Tensor Moments of Gaussian Mixture Models: Theory and Applications

14 Feb 2022  ·  João M. Pereira, Joe Kileel, Tamara G. Kolda ·

Gaussian mixture models (GMMs) are fundamental tools in statistical and data sciences. We study the moments of multivariate Gaussians and GMMs. The $d$-th moment of an $n$-dimensional random variable is a symmetric $d$-way tensor of size $n^d$, so working with moments naively is assumed to be prohibitively expensive for $d>2$ and larger values of $n$. In this work, we develop theory and numerical methods for \emph{implicit computations} with moment tensors of GMMs, reducing the computational and storage costs to $\mathcal{O}(n^2)$ and $\mathcal{O}(n^3)$, respectively, for general covariance matrices, and to $\mathcal{O}(n)$ and $\mathcal{O}(n)$, respectively, for diagonal ones.

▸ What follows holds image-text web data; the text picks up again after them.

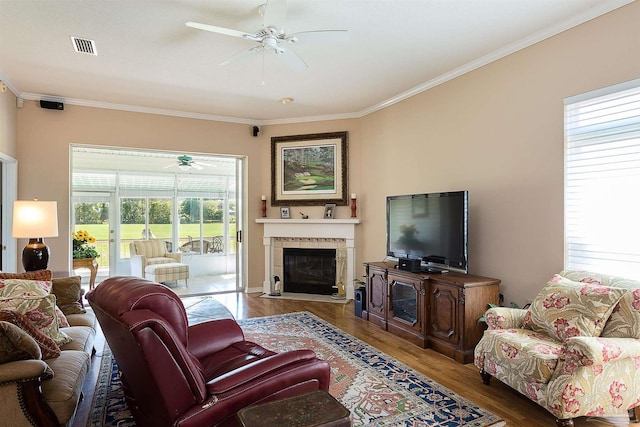 1424 Champions Green Dr, Gulf Breeze, FL 32563 - living room with a tiled fireplace, ornamental molding, ceiling fan, and wood finished floors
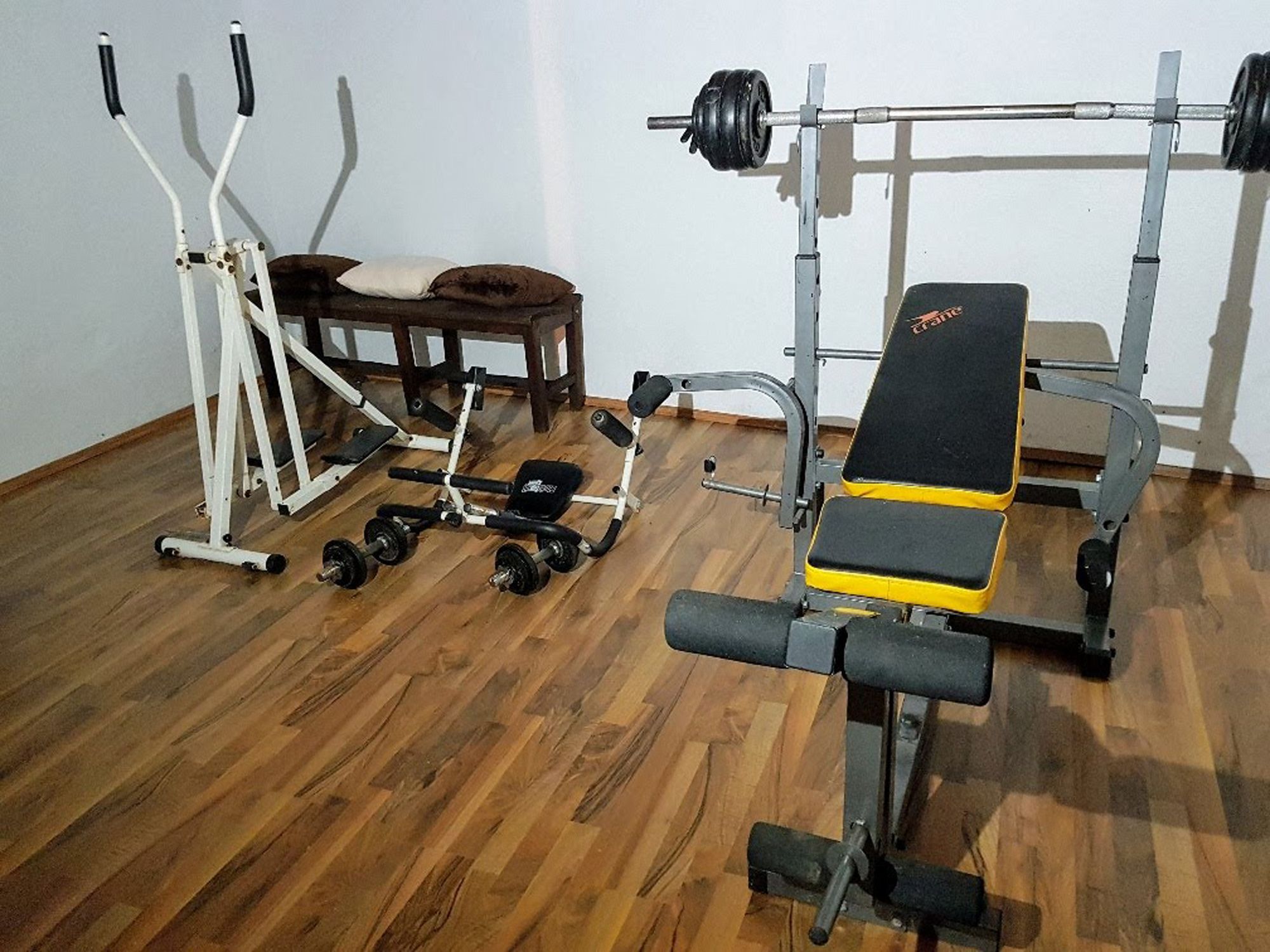 A fitness room with weight bench, cross trainer and dumbbells on a wooden floor.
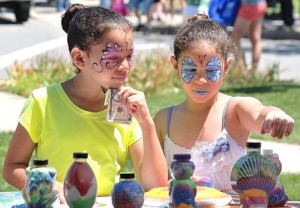 After getting their faces painted, Bruna Oliveira, 7, and Maria Silva, 6, choose which sand art design they's like to create.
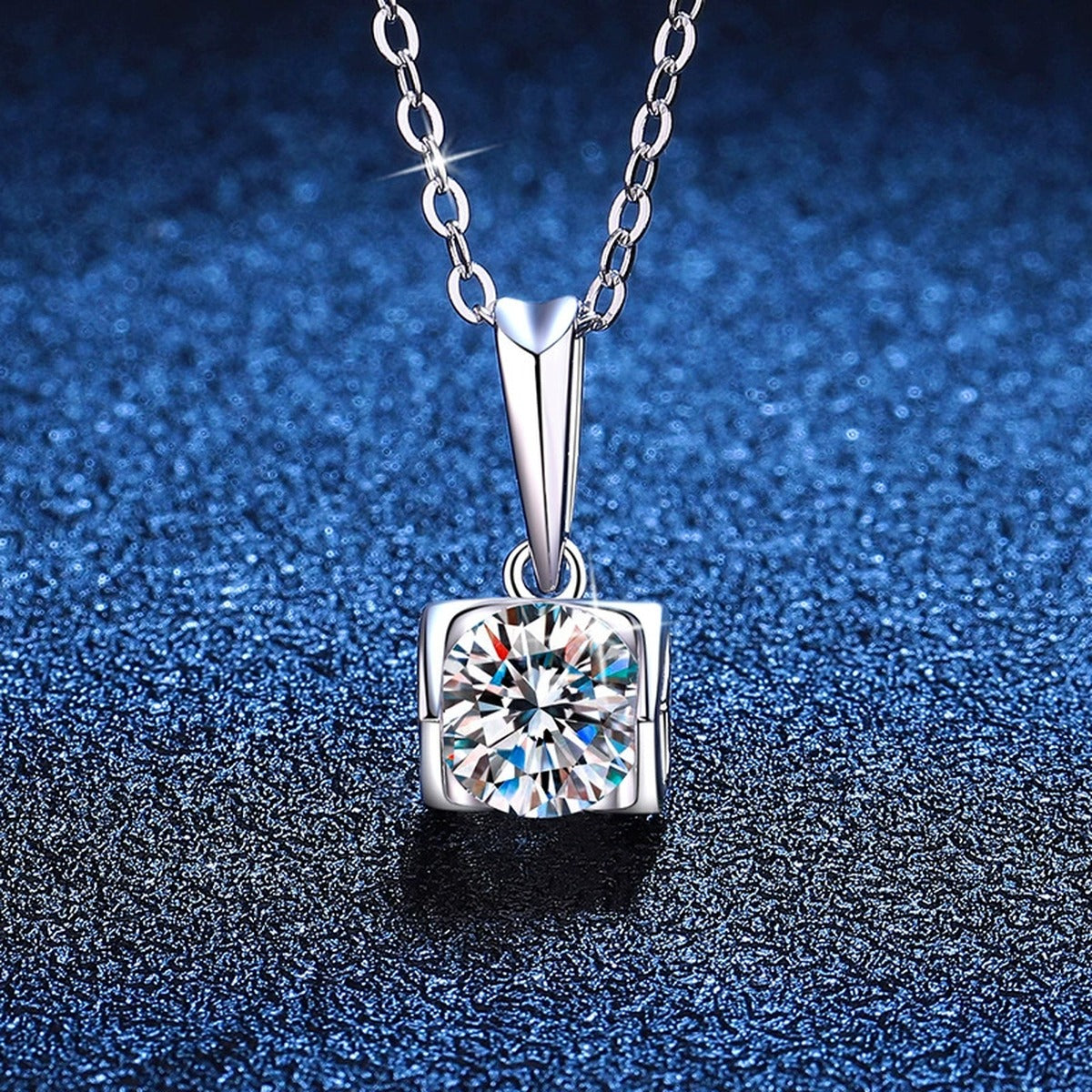 Square Frame Moissanite Pendant Necklace in Platinum-Plated S925 Sterling Silver blue background angled view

We derive concise analytic expressions for the moments in terms of symmetrized tensor products, relying on the correspondence between symmetric tensors and homogeneous polynomials, and combinatorial identities involving Bell polynomials. The primary application of this theory is to estimating GMM parameters (means and covariances) from a set of observations, when formulated as a moment-matching optimization problem. If there is a known and common covariance matrix, we also show it is possible to debias the data observations, in which case the problem of estimating the unknown means reduces to symmetric CP tensor decomposition. Numerical results validate and illustrate the numerical efficiency of our approaches. This work potentially opens the door to the competitiveness of the method of moments as compared to expectation maximization methods for parameter estimation of GMMs.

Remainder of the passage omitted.